As many people in Stratford-Upon-Avon know, the Shakespeare Birthplace Trust is like a rabbit warren of corridors and stairs. The whole building is full of visiting students, sixteenth-century books and historical artefacts, all of which is run by a cohort of staff. People come here from across the world and there are resources that any researcher would kill for. It is truly a hive of activity, and I was lucky enough to do my work experience here.

When I was planning my work experience, the SBT didn’t even cross my mind at first. I was expecting a week in a shop or primary school in Portsmouth, where I live. As it turned out, I spent a week working on a book about John Hall, Shakespeare’s son-in-law. I also met students from Hawaii, searched a year’s worth of the Stratford Herald from 1895 for mentions of the Prince of Wales, and toured the ‘stacks’, where the rare or important books, art and items are kept safe behind bombproof doors on rows of shelves. I spent hours with a 1621 illustrated edition of Gerard’s Herball, finding plants that Hall used in his cures then writing the page numbers and useful information about them ready to be photographed for the new book.

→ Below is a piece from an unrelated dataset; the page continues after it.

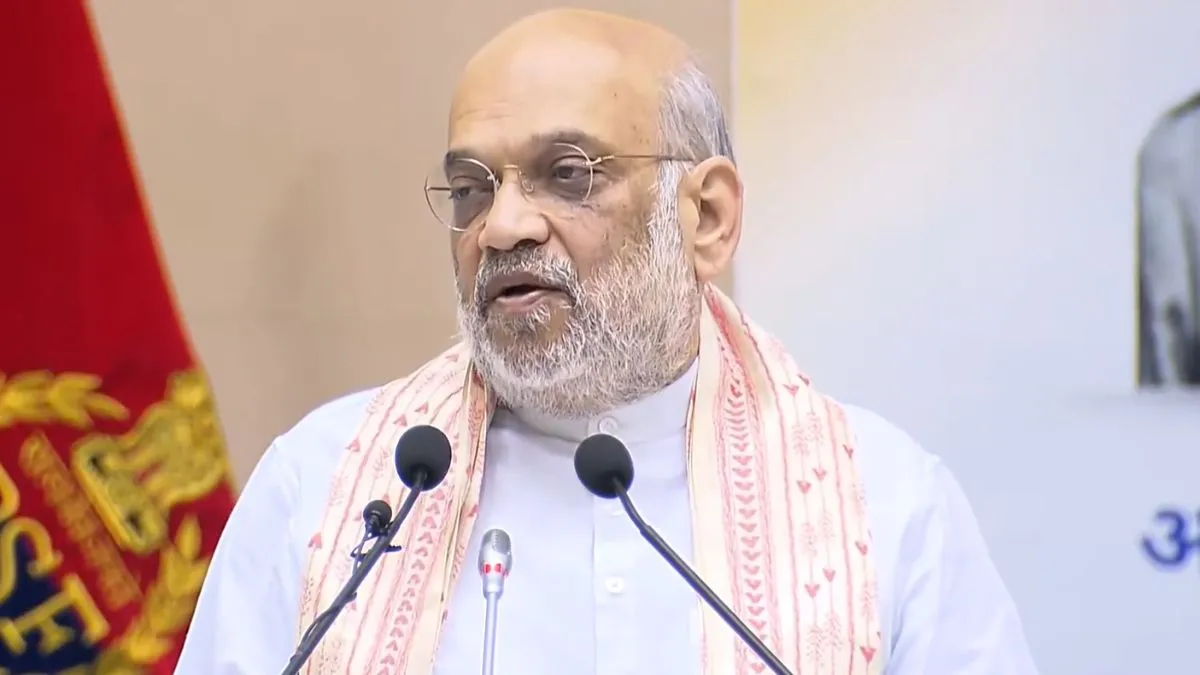 Amit Shah smart border plan, India Pakistan border security, India Bangladesh border fencing- India TV Hindi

One of the most memorable things I have done during my work experience was a session with a group of Hawaiian students on Monday. As part of their time visiting Stratford, they were given a presentation on past productions of Shakespeare plays, particularly Titus Andronicus. Afterwards, they looked at some relevant items including a Folio from the seventeenth century, stage-managers’ reports from past productions, and a copy of Hamlet translated to Klingon. Being part of this visit underlined to me the significance of the SBT, and how it is visited by people from across the world for education and research.

I have been visiting Stratford-upon-Avon my whole life, and I like to think I know it quite well. However, working here has given me a new perspective on what it is to live and work there. Although I’ve visited the Shakespeare Centre before, I’d never explored it properly, but now that I’ve spent a full working week here I can appreciate what the people there do. I’ve also seen the town in a new perspective, as someone who works here would.

My time working at the SBT has been interesting to say the least and it has shown me what is like to work at a real job. It has been an extraordinary experience which I would recommend for any student who has the opportunity to do work experience here.

 

The views expressed in this article are the author’s own.